::: GIVEN ENTRIES

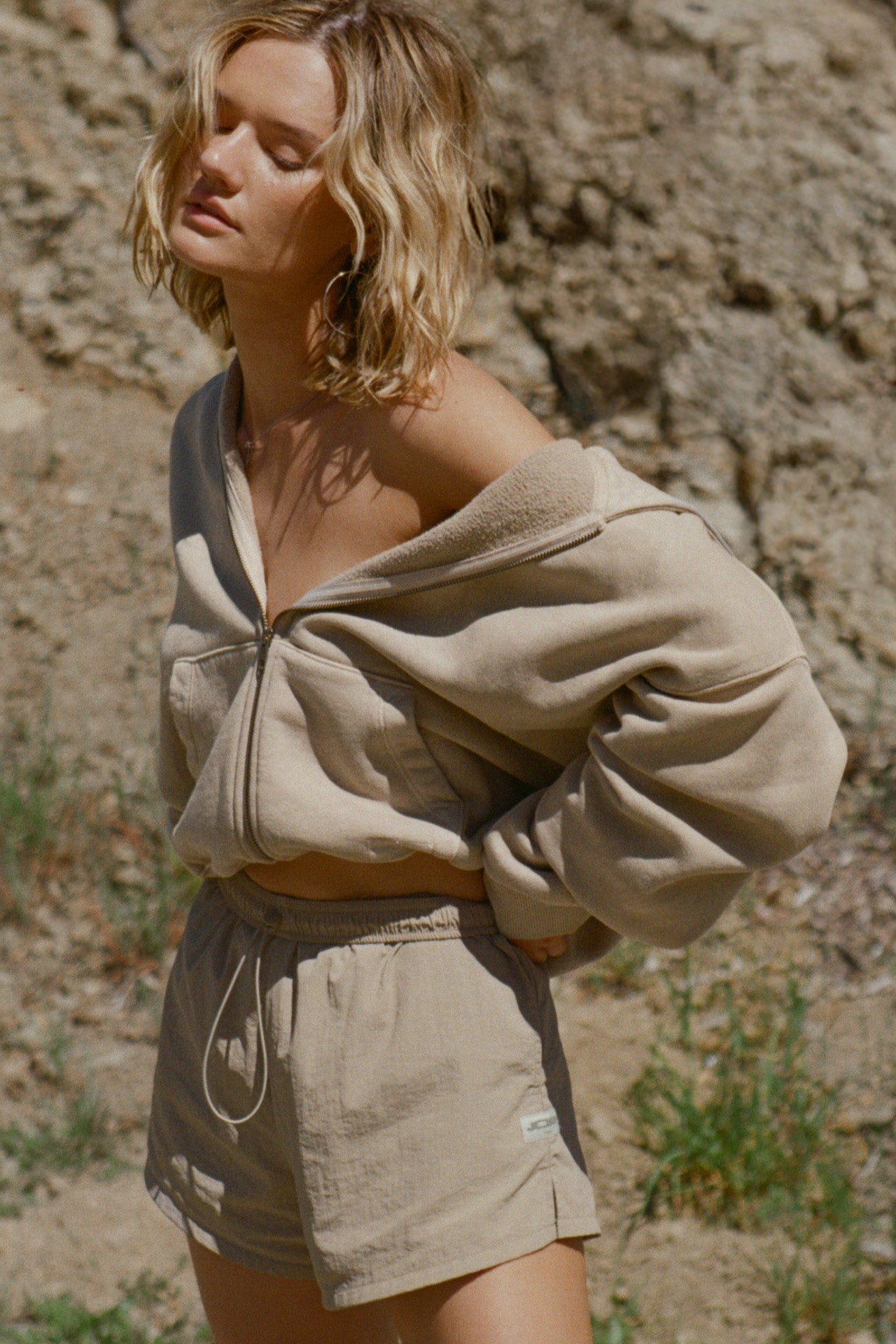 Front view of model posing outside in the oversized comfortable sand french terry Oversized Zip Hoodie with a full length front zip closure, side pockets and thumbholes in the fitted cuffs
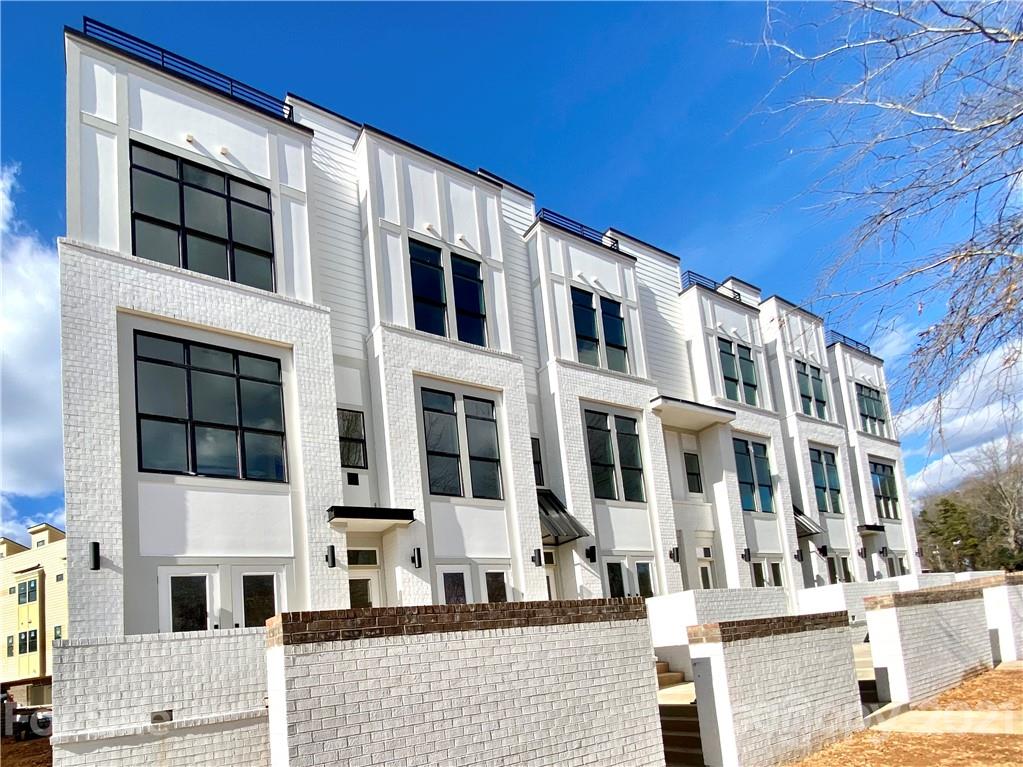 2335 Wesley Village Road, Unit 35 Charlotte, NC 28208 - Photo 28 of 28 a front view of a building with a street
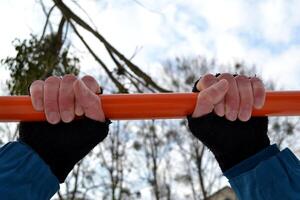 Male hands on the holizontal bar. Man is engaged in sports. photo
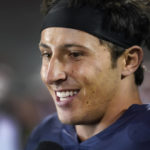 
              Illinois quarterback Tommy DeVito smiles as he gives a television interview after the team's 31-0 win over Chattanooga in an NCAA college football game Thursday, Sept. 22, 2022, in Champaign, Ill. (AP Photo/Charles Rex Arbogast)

::::::
::: GIVEN ENTRIES

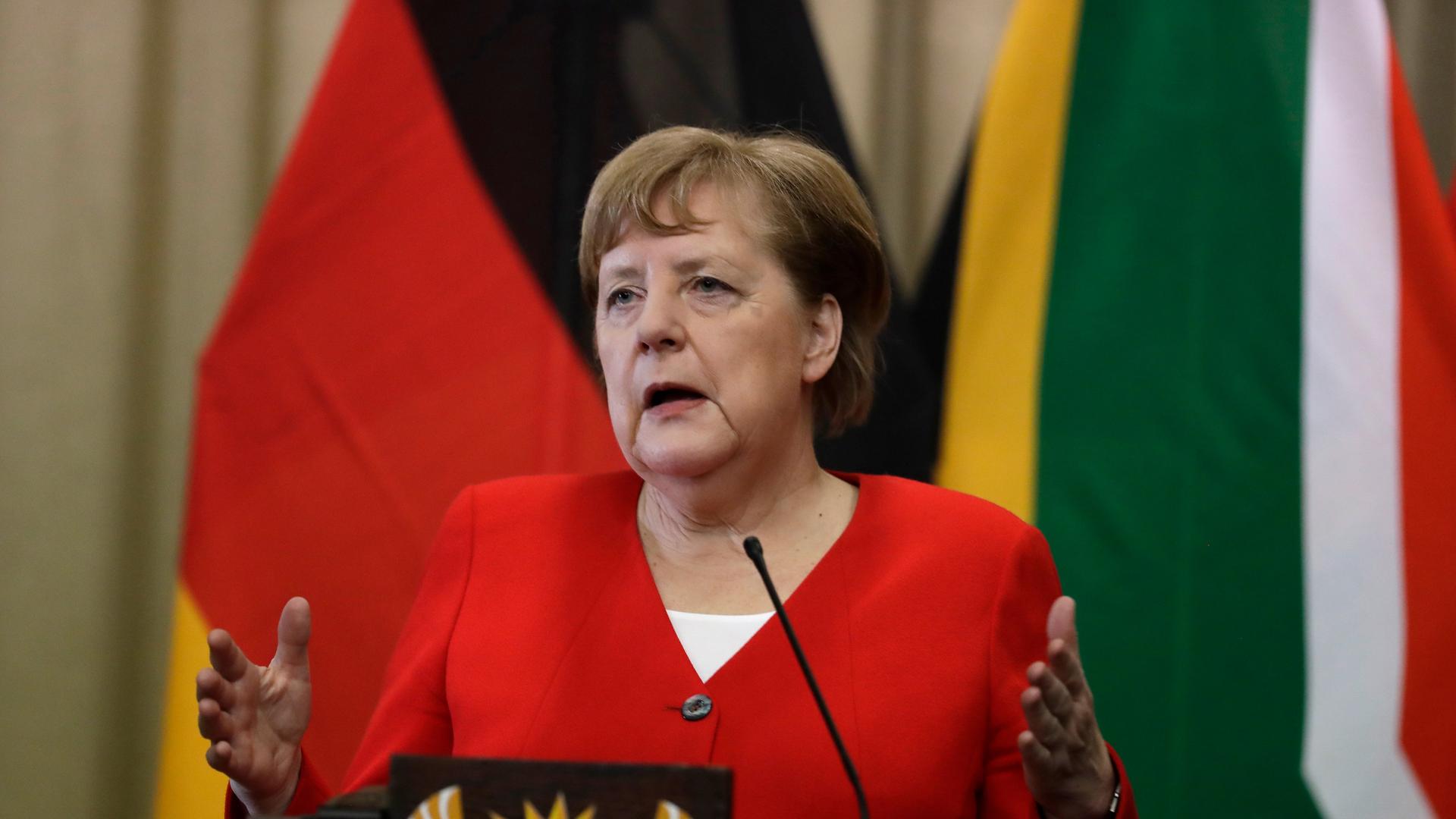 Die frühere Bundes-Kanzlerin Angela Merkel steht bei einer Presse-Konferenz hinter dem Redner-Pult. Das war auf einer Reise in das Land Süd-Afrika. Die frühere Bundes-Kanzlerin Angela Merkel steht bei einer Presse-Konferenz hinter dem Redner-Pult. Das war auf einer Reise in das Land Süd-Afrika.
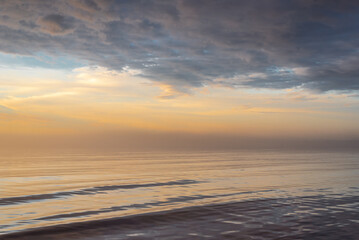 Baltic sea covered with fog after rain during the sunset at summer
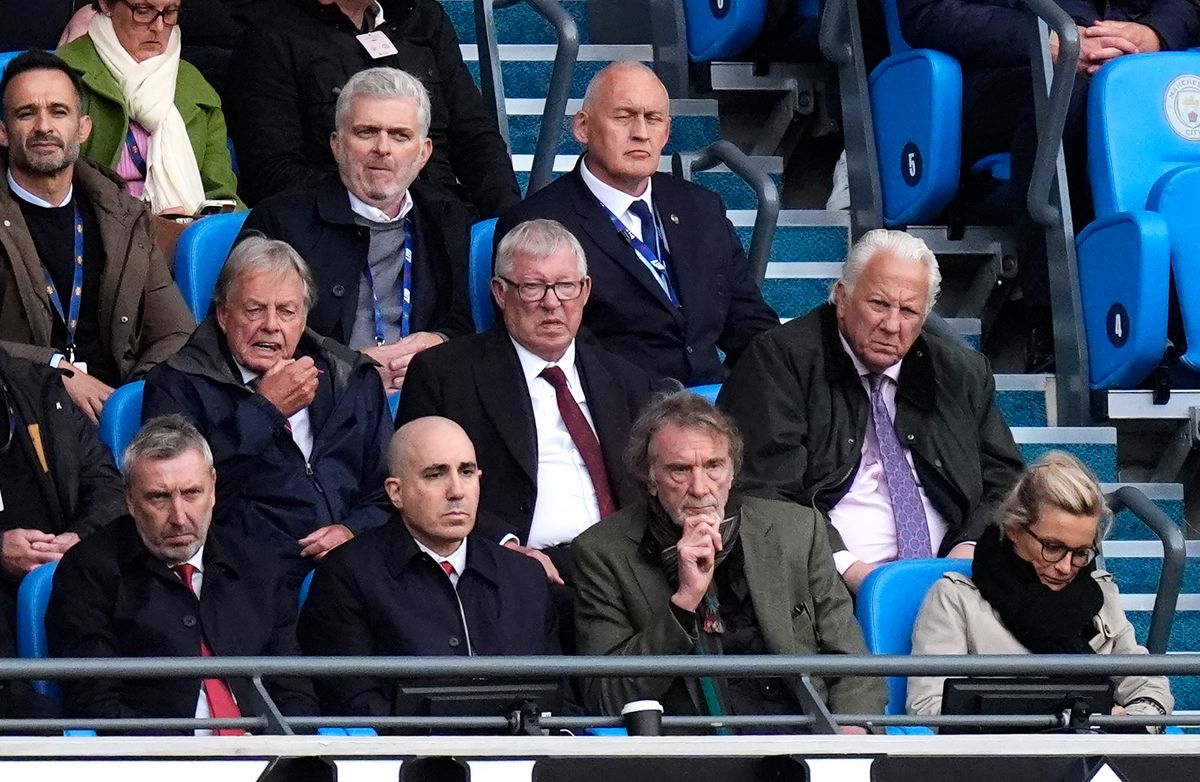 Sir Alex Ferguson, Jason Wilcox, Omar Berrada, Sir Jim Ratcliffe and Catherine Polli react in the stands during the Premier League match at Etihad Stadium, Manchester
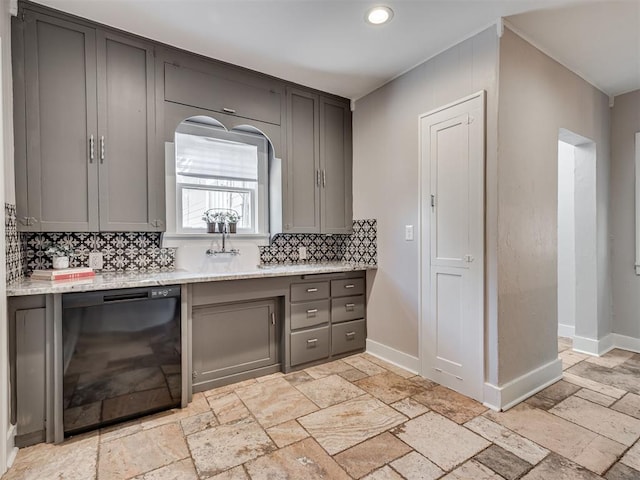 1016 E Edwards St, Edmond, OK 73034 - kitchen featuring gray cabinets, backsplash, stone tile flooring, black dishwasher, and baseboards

::::::

AIM OF THE EXERCISE → Those lines of the records above that run from the one containing "Front view of model" through the one containing "Illinois quarterback Tommy" should be returned exactly, with no pictures among them.

OUTPUT FOR THIS EXERCISE →
 Front view of model posing outside in the oversized comfortable sand french terry Oversized Zip Hoodie with a full length front zip closure, side pockets and thumbholes in the fitted cuffs
 2335 Wesley Village Road, Unit 35 Charlotte, NC 28208 - Photo 28 of 28 a front view of a building with a street
 Male hands on the holizontal bar. Man is engaged in sports. photo
              Illinois quarterback Tommy DeVito smiles as he gives a television interview after the team's 31-0 win over Chattanooga in an NCAA college football game Thursday, Sept. 22, 2022, in Champaign, Ill. (AP Photo/Charles Rex Arbogast)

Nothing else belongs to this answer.